Records shown Block Start

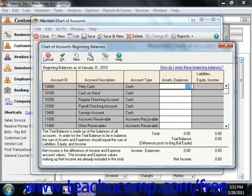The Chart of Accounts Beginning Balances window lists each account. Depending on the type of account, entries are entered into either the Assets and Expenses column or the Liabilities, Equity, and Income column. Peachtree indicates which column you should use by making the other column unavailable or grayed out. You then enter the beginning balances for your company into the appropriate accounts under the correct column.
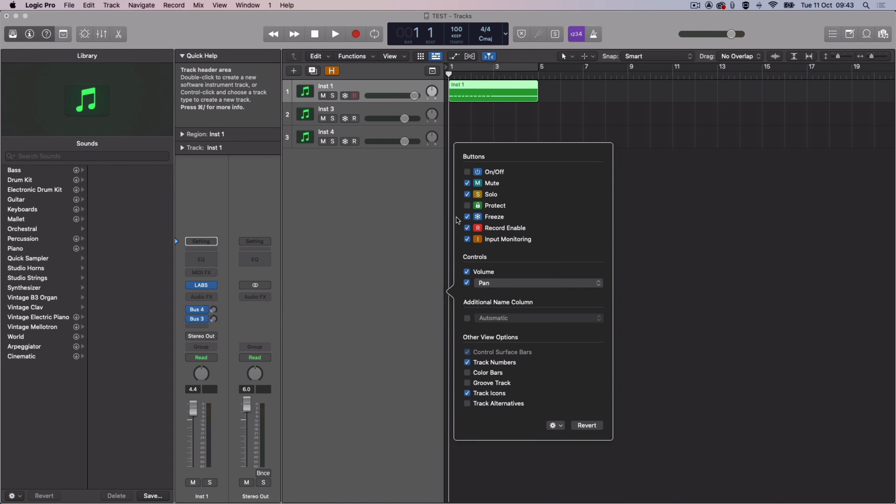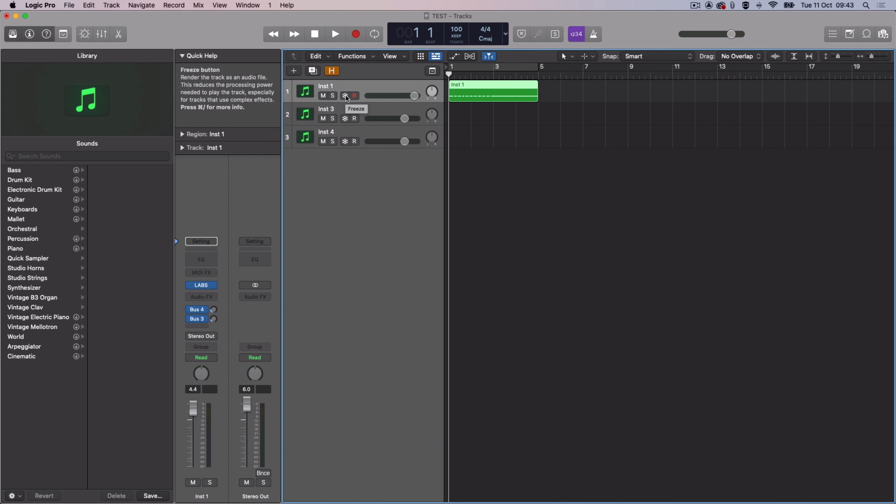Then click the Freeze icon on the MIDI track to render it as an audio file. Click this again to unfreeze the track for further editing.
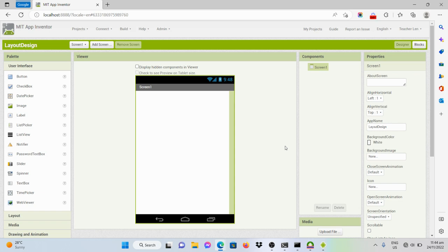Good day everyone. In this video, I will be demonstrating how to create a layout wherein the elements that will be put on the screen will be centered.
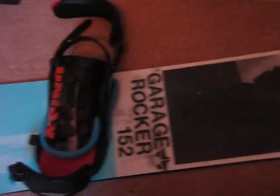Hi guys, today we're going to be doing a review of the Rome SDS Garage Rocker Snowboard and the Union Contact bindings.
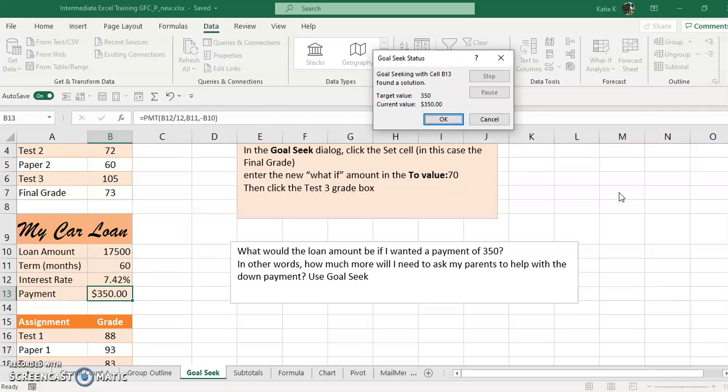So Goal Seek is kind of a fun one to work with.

Records shown Block End
Records shown Block Start

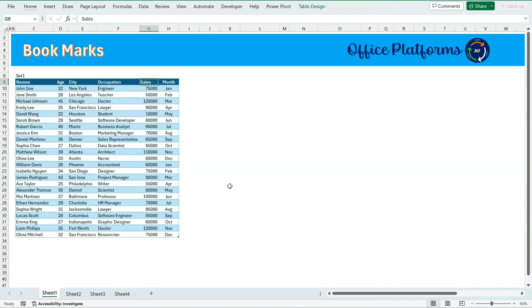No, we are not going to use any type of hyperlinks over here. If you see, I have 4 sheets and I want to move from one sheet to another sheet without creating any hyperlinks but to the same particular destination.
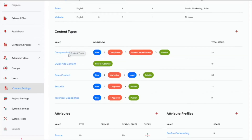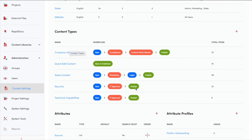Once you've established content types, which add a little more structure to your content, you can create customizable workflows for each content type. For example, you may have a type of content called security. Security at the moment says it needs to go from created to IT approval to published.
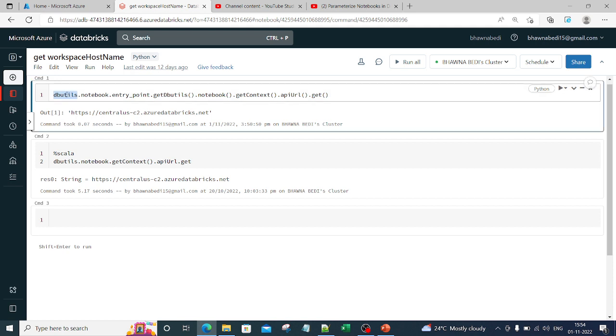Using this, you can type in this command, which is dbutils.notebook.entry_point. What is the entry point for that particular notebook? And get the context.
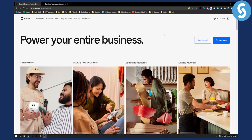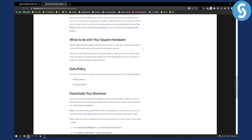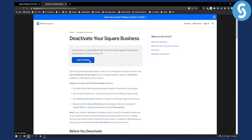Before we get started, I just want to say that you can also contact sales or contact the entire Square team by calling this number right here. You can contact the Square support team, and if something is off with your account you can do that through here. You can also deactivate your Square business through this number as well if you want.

Records shown Block End

:: Exercise objective ::
From the listing above, repeat only the lines between the line containing "The Chart of" and the line containing "So Goal Seek", those two included. Pictures are not part of the copy.

:: Response area ::
The Chart of Accounts Beginning Balances window lists each account. Depending on the type of account, entries are entered into either the Assets and Expenses column or the Liabilities, Equity, and Income column. Peachtree indicates which column you should use by making the other column unavailable or grayed out. You then enter the beginning balances for your company into the appropriate accounts under the correct column.
Then click the Freeze icon on the MIDI track to render it as an audio file. Click this again to unfreeze the track for further editing.
Good day everyone. In this video, I will be demonstrating how to create a layout wherein the elements that will be put on the screen will be centered.
Hi guys, today we're going to be doing a review of the Rome SDS Garage Rocker Snowboard and the Union Contact bindings.
So Goal Seek is kind of a fun one to work with.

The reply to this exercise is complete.